Appleのワールドワイドマーケティング担当シニアバイスプレジデント、グレッグ・「ジョズ」・ジョスウィアク氏は最近のインタビューで、AI時代におけるApp Storeの死亡説について「大いに誇張されていたかもしれない」と皮肉交じりに語りました。
カテゴリー別に見ると、モバイルゲームが依然として新規リリースの首位を占めていますが、注目すべきは「生産性」カテゴリーが初めてトップ5入りを果たしたことです。「ユーティリティ」が2位、「ライフスタイル」が3位に浮上し、「ヘルス&フィットネス」がトップ5を締めくくっています。
なぜ今、アプリが増えているのか
この急増の背景として最も有力視されているのが、Claude CodeやReplitといったAI搭載の開発支援ツール、いわゆる「バイブコーディング(vibe coding)」の普及です。これらのツールを使えば、プログラミングの専門知識がなくても、自分のアイデアをアプリとして形にすることが以前よりはるかに容易になっています。
つまり、AIはアプリを「殺す」のではなく、アプリを「誰でも作れるもの」に変えつつある——これが現実に起きていることかもしれません。アイデアはあっても技術スキルがなかったクリエイターたちが、初めてアプリ開発に踏み出せるようになった「第二のアプリゴールドラッシュ」が始まっている可能性があります。
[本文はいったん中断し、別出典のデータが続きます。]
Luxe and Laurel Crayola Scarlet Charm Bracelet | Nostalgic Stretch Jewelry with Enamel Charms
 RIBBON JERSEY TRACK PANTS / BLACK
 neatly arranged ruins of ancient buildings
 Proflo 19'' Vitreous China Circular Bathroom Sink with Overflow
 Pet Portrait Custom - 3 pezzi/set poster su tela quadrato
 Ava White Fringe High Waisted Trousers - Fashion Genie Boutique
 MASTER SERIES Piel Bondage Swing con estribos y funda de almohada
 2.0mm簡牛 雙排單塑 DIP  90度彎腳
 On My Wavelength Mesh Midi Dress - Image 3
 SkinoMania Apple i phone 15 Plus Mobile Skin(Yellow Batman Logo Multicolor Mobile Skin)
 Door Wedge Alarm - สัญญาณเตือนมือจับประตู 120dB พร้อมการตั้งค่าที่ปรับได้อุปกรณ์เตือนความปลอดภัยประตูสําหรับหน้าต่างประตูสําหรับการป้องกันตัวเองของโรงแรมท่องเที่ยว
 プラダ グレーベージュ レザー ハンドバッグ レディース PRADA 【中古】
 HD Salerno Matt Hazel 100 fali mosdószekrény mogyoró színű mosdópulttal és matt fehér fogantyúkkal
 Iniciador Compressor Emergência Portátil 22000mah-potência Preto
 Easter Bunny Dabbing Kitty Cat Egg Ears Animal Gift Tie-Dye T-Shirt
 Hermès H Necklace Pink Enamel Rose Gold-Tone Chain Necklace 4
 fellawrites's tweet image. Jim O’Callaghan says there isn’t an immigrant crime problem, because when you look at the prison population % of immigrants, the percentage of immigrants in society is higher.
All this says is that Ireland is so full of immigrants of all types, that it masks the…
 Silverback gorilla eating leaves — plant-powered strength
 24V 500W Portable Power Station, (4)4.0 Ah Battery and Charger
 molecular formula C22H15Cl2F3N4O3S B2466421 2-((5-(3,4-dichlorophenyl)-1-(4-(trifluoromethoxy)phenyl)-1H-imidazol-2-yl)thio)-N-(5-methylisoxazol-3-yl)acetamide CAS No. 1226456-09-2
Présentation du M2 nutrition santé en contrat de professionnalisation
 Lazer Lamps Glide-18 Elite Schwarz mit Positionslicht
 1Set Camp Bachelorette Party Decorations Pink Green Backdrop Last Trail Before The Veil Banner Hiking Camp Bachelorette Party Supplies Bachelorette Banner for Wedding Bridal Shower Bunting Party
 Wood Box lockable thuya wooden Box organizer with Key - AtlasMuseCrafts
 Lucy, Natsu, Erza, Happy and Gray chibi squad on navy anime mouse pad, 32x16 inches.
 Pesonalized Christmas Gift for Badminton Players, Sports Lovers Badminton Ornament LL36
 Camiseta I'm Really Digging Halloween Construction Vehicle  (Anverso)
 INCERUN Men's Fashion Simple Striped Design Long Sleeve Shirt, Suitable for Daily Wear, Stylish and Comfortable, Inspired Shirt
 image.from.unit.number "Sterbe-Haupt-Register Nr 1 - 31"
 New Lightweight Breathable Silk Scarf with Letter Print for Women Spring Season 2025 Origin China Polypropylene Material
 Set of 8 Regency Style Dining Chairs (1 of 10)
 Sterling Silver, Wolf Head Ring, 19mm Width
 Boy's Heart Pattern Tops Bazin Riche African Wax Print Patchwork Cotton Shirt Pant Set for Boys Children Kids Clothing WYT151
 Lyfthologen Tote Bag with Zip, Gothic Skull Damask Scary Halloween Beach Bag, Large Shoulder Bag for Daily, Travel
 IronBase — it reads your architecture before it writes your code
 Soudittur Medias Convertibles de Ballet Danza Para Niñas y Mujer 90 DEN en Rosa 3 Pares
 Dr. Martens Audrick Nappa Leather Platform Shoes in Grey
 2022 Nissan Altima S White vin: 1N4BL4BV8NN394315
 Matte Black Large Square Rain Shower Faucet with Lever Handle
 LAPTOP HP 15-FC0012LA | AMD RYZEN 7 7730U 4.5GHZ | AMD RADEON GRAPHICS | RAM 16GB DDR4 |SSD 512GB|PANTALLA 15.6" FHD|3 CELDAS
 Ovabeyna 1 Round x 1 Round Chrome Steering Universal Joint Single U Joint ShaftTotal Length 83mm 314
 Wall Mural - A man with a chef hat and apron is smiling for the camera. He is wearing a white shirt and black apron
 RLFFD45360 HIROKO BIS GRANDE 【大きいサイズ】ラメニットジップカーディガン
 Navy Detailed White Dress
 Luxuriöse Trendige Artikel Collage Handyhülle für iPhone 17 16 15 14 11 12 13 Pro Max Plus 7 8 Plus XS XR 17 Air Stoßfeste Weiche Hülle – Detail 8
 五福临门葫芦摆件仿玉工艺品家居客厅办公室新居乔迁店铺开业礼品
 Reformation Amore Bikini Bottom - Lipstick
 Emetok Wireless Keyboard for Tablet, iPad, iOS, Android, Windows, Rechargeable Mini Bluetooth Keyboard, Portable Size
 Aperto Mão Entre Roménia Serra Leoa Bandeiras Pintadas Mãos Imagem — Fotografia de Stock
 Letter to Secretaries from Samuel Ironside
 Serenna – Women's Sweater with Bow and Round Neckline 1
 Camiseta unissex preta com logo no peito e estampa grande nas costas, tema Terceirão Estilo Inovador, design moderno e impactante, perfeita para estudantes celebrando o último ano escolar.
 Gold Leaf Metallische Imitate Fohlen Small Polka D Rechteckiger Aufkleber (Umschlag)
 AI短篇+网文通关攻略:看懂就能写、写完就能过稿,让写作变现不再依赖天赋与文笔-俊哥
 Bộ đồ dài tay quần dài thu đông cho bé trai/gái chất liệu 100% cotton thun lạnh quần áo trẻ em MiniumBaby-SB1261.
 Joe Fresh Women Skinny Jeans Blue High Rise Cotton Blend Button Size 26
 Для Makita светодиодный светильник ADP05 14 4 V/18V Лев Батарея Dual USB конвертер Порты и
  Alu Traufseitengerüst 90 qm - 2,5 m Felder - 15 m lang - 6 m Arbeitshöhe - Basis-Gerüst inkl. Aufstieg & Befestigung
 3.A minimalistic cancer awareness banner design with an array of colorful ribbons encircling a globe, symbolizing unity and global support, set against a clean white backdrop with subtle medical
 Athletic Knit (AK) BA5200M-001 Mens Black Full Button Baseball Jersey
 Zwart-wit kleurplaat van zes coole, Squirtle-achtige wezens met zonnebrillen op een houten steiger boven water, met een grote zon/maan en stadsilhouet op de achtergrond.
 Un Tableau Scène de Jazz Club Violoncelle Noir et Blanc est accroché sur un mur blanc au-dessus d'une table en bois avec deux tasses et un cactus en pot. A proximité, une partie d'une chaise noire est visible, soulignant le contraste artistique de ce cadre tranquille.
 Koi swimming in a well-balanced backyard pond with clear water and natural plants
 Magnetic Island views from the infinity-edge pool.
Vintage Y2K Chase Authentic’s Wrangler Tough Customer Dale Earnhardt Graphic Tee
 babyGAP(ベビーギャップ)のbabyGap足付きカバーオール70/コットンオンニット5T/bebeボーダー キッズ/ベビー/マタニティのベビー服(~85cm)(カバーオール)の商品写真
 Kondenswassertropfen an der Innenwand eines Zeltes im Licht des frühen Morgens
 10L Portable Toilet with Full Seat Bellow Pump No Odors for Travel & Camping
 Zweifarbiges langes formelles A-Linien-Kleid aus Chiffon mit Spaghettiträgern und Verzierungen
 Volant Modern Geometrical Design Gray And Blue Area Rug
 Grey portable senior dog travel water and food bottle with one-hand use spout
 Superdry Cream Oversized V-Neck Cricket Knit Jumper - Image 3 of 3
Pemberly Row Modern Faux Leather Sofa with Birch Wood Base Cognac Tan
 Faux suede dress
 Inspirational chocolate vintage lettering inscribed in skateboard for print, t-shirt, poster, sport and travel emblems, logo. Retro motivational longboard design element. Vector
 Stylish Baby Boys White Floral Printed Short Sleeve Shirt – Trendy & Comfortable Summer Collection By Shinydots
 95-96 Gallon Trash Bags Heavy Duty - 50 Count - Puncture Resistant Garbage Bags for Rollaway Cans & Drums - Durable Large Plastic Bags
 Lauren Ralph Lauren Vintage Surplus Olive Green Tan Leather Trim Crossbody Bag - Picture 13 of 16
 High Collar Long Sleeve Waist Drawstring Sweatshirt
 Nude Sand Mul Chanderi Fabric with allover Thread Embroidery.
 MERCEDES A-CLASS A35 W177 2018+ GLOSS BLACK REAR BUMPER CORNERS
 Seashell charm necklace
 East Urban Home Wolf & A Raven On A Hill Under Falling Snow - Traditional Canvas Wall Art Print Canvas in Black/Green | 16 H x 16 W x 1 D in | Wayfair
もっとも、懸念がないわけではありません。アプリ数の急増は、審査の質の維持という課題も生み出しています。Appleは今週、ルール違反を理由にリワードアプリ「Freecash」をApp Storeから削除しましたが、このアプリはトップチャートの上位5位に数ヶ月間も居座っていました。また、仮想通貨管理アプリ「Ledger Live」の悪質なクローンアプリが被害者から950万ドル相当の暗号資産を奪うという事件も発生しています。Appleは2024年の実績として、スパムや詐欺的なアプリ32万件以上の申請を却下したと発表していますが、それでも悪質なアプリの侵入を完全には防げていない現状があります。
日本市場への問い
このトレンドは、日本にとって何を意味するのでしょうか。
日本は長らく、エンジニア不足と高齢化社会という二重の課題を抱えてきました。経済産業省の試算では、2030年までに約79万人のIT人材が不足するとされています。もしAI開発ツールが本当にプログラミングの敷居を下げるなら、この人材不足を部分的に補う可能性があります。地方の中小企業が自社向けのアプリを内製化したり、高齢者向けのきめ細かいサービスアプリが個人開発者によって生まれたりするシナリオは、決して非現実的ではありません。
一方で、任天堂やソニーのようなゲーム大手にとっては、参入障壁の低下が競争環境をさらに複雑にする要因になり得ます。質より量の時代において、どうブランドの信頼性と発見可能性を維持するかは、大手にとっても切実な問いです。
また、AIが生成したアプリの急増は、プラットフォームの「信頼性」という問題を前景化させます。日本の消費者は一般的に、新しいサービスへの信頼形成に時間をかける傾向があります。アプリストアが玉石混交の場になればなるほど、「信頼できるアプリをどう見つけるか」というユーザー側の負担は増していきます。
本コンテンツはAIが原文記事を基に要約・分析したものです。正確性に努めていますが、誤りがある可能性があります。原文の確認をお勧めします。